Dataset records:
◆ ◆ ◆ ◆
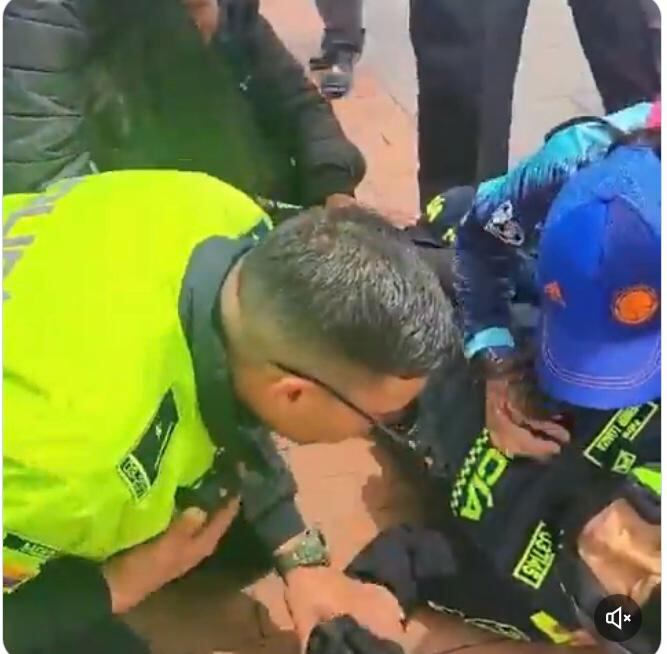 Un policía resultó herido en el cruce de disparos.
Foto tomada de X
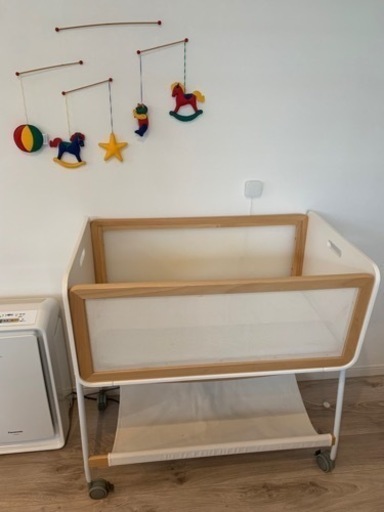 リリワゴン　ベビーベッド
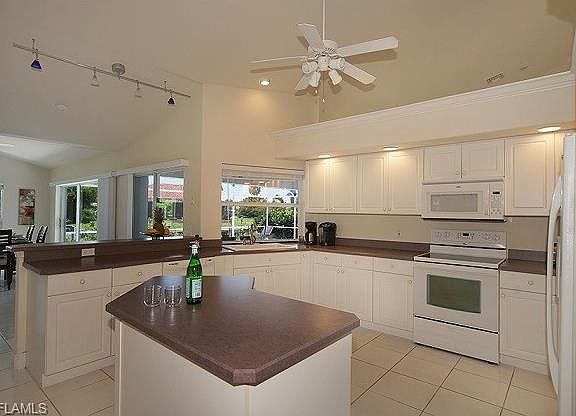 4th image of 1426 SE 23rd Pl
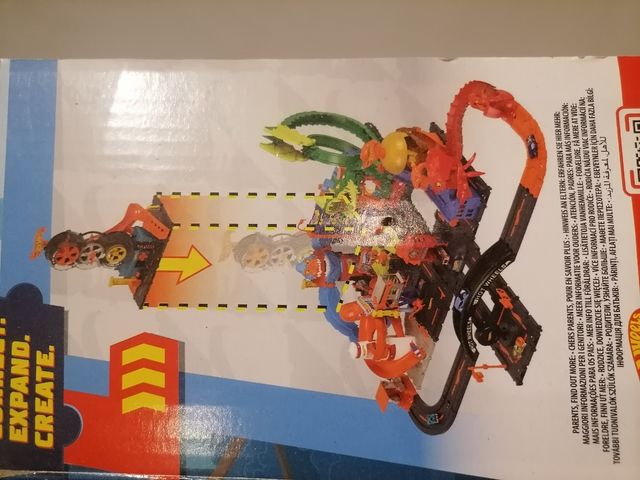 Parking hotwheels y tienda neumáticos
◆ ◆ ◆ ◆
[PROBLEM DESCRIPTION]: Every line of the data is to be transcribed exactly, and no picture is to be included.

[COMPLETED EXERCISE]:
 Un policía resultó herido en el cruce de disparos.
Foto tomada de X
 リリワゴン　ベビーベッド
 4th image of 1426 SE 23rd Pl
 Parking hotwheels y tienda neumáticos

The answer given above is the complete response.